A bastion of justice?

Even with two senior members of President B.J. Habibie's cabinet, Minister of Justice Muladi and Attorney General Andi Muhammad Ghalib, due to depart Jakarta for Switzerland tomorrow on what officials say is a special mission to trace any assets former president Soeharto might have stashed away in Europe, public confidence in the government's sincerity appears to remain as low as ever.

There are various arguments to explain this stubborn skepticism among the public. One is that banking codes in many countries require banks to protect the confidentiality of their clients' accounts unless proof of their unlawful nature can be provided, as would be the case, for example, with laundered money. In Soeharto's case, the logical step to take would be -- or so the argument goes -- to first formally declare the ex- president legally delinquent with respect to the ownership of the money.

Another explanation -- and one with obvious political overtones -- is that it would be impossible for the incumbent administration in Jakarta to formally charge Soeharto with corruption. The logic behind this reasoning is that to do so would be to commit political suicide since the current regime from the President down to practically all other members of the administration, are old hands of the thoroughly corrupt toppled Soeharto regime. Rubbish?

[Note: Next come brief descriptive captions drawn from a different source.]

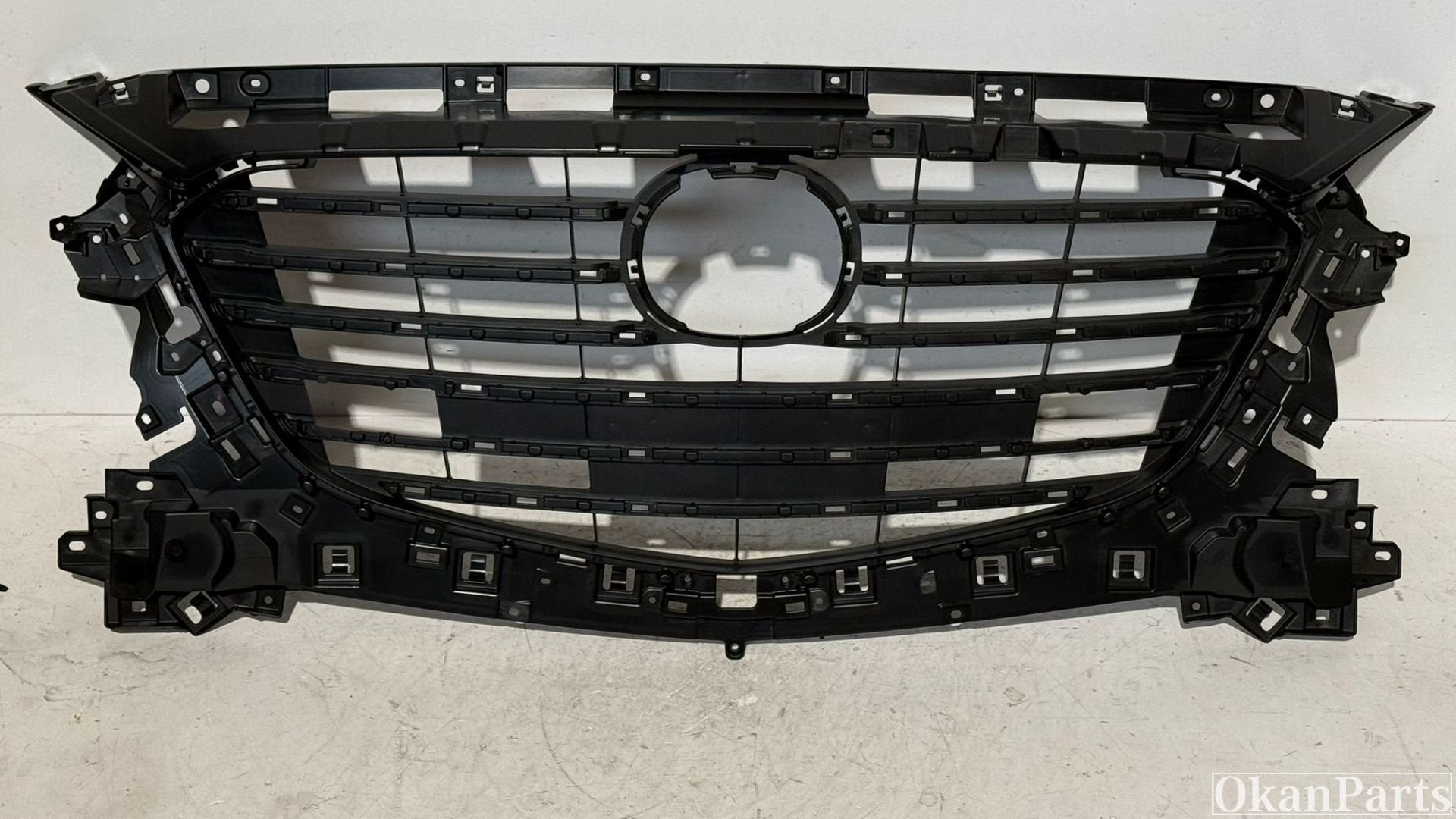 Mazda 3 Grille BADH-50712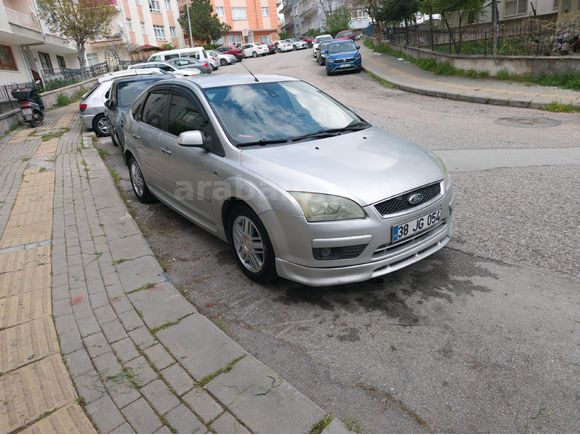 Sahibinden Ford Focus 1.6 TDCi Ghia 2007 Model  227.000 km Gri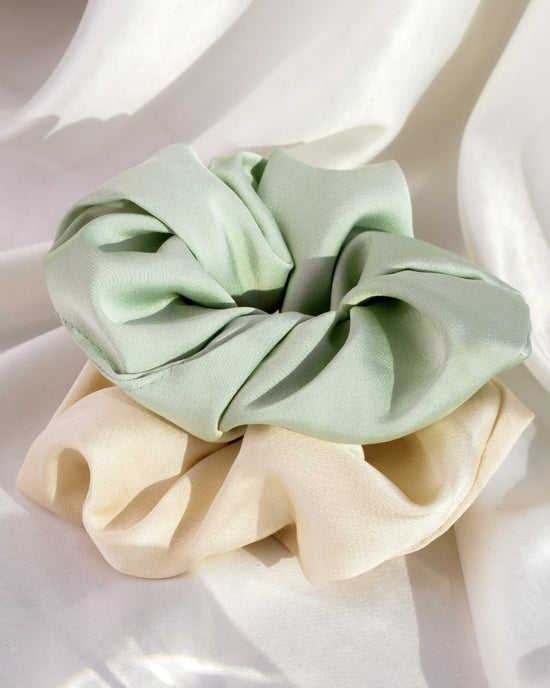 Shimmering Scrunchie Medium - More Colors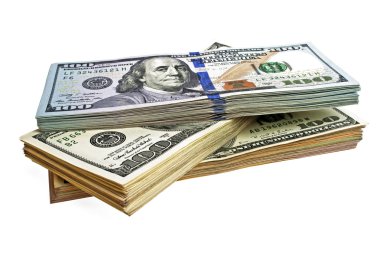 Beyaz arka plan üzerinde yüz dolar yığını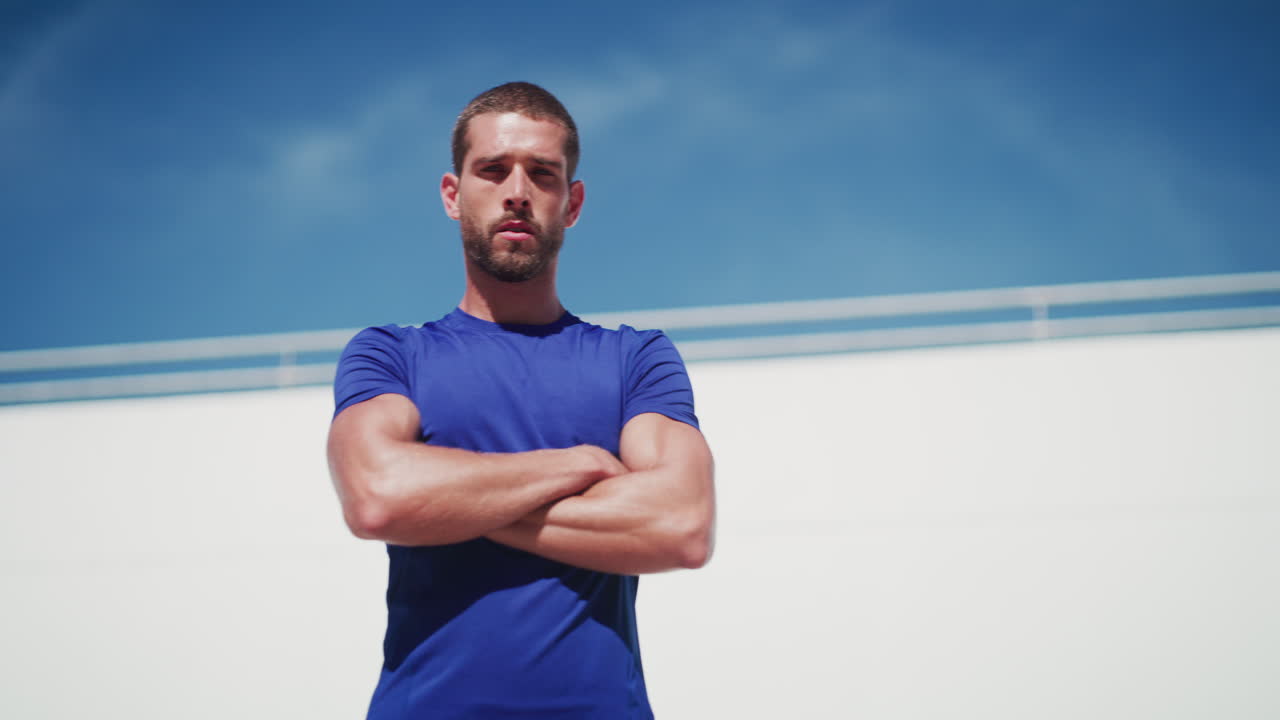 hombre con ropa deportiva al aire libre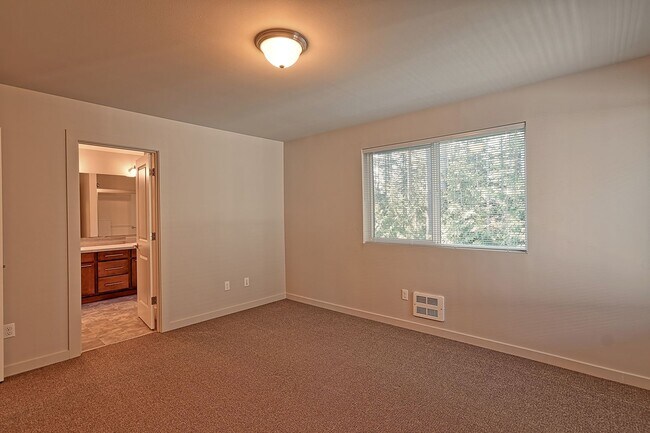 Building Photo - Available NOW! 4-Bedroom End-Unit Townhome Near Silver Lake
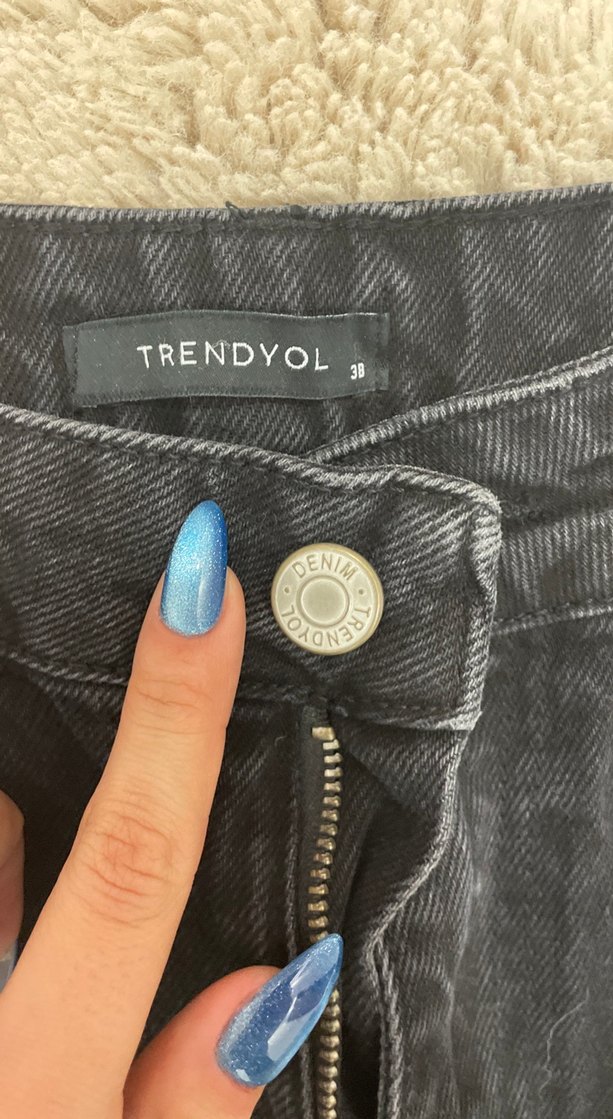 Siyah Kadın Mini Denim Şort - Görsel 2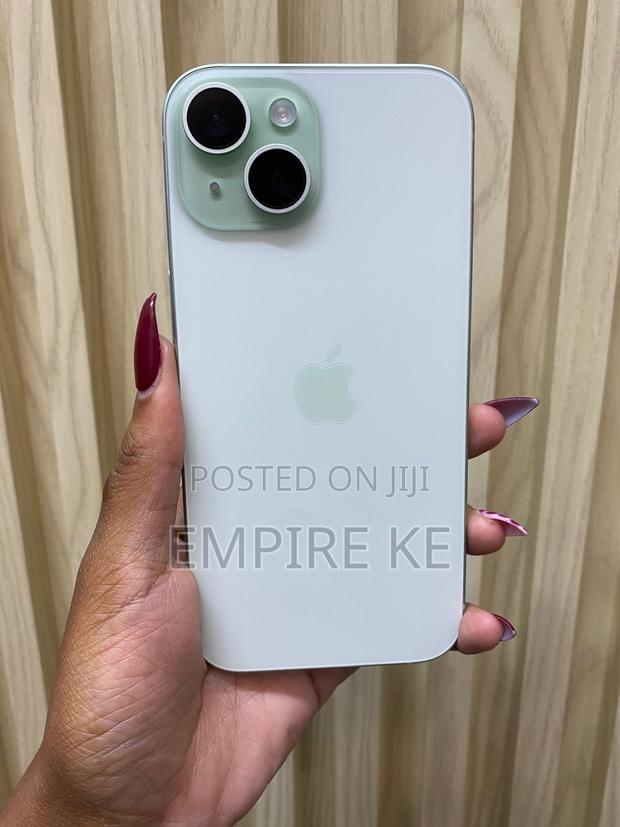 Apple iPhone 15 128 GB Silver - thumbnail 2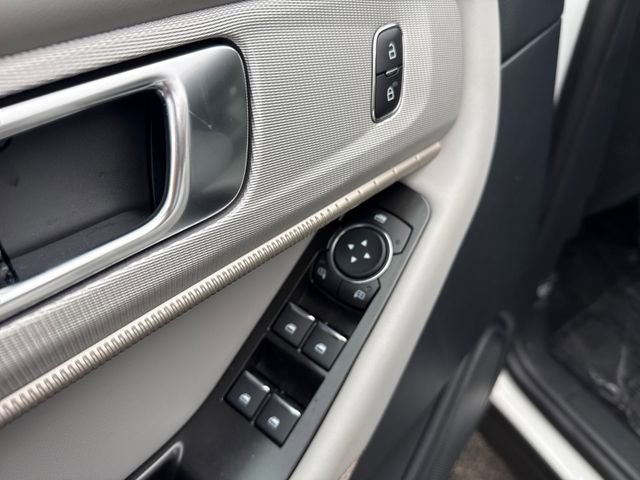 New 2026 Ford Explorer Active w/ Active Comfort Package image 25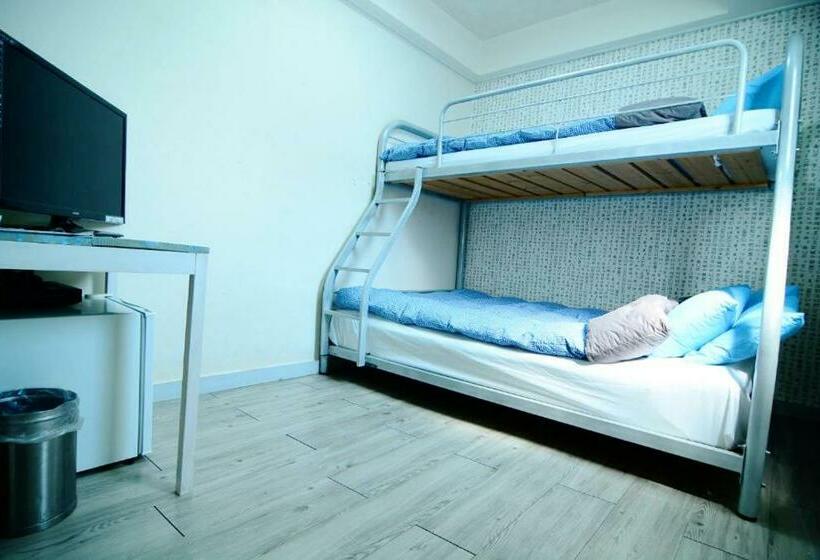 스탠다드 트리플 룸, Insadong Hostel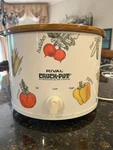 Vintage Rival Crock Pot Vegetable Pattern Model 3120 2.5 Qt Tested Works. Fixed Price $27.00.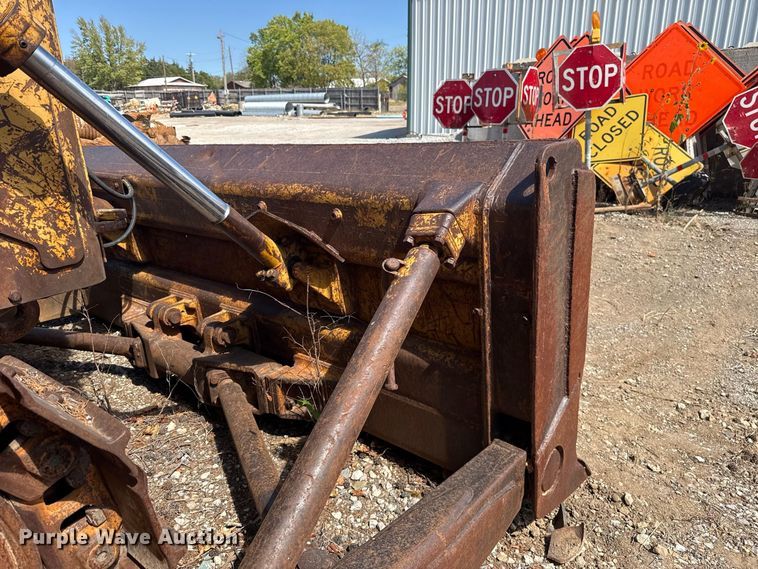 image for item FC4393 1980 Caterpillar D6D dozer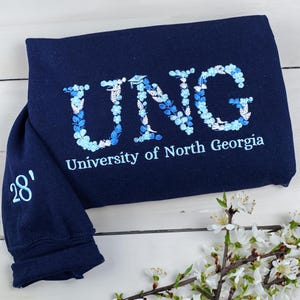 Sudadera universitaria personalizada con bordado floral, camiseta con letras florales, camiseta universitaria con flores, camiseta de secundaria, regalo de graduación, hermandad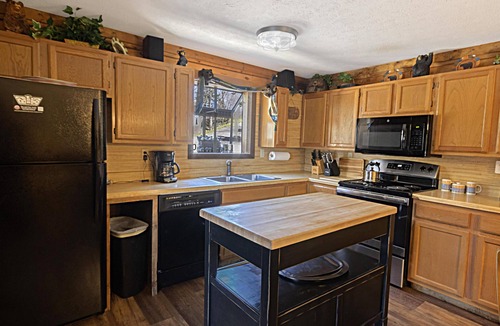 Edray House | Edelweiss Haus: Cozy Renovated Mountain Retreat - Hot Tub & Dual Outdoor Decks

Why, then, the strong and persistent public impression that the attorney general and President Habibie have been dragging their feet in investigating Soeharto? With the media, here and abroad, continuing to document the luxury in which the Soeharto children are said to be wallowing in, the government keeps on insisting that no evidence of such wealth exists. Almost a full year of investigation has led us nowhere.

In all this, the continuous unexplained mutations in the Attorney General's Office have only helped to befuddle the public. In June last year, for no transparent reason, President Habibie named the head of the Armed Forces prosecutor's office, Maj. Gen. Andi M. Ghalib, to replace attorney general Soedjono Atmonegoro, after he had launched an investigation into the alleged corruption by Soeharto and his officials. After an earlier meeting with President Habibie, Soedjono had said he had proposed to the President that his office become an independent institution, separate from the executive. He gave no indication that he knew he was about to be removed. Sworn in by then president Soeharto on March 19, 1998, Soedjono had been in office only three weeks after Soeharto's successor, President Habibie, ostensibly retained him in his cabinet.

Another unexplained mutation in the Attorney General's Office was the replacement last February of Maj. Gen. Syamsu Djalal, then deputy attorney general in charge of intelligence affairs, by Lt. Gen. Kertanagara, formerly inspector general at the Ministry of Defense and Security.

The most recent mutations involved the removal of four deputy attorney generals, among them Antonius Sujata, the deputy for special crimes who chaired the team of investigators looking into the Soeharto case, and Soehandjono, the deputy for state and civil administrative affairs. Again, there was no explanation for the move. Under the circumstances, Indonesians can be forgiven for suspecting yet another move to protect Soeharto although officials were quick to explain that it had nothing to do with the investigation of the ex-president.

Indonesians, without doubt, would have much preferred to be able to trust in the old credo that the Attorney General's Office, together with the Supreme Court, are this country's ultimate bastions of justice. Unfortunately, there has been little over the past years, and up to the present, to validate such optimism. It is a pity to have to say that the government, and the Attorney General's Office in particular, have only themselves to blame for their lack of credibility in the public eye.

It seems that Indonesians will have to wait for a new democratic government to take the place of the present before they can even hope of getting a judiciary that they can trust to protect their legitimate interests.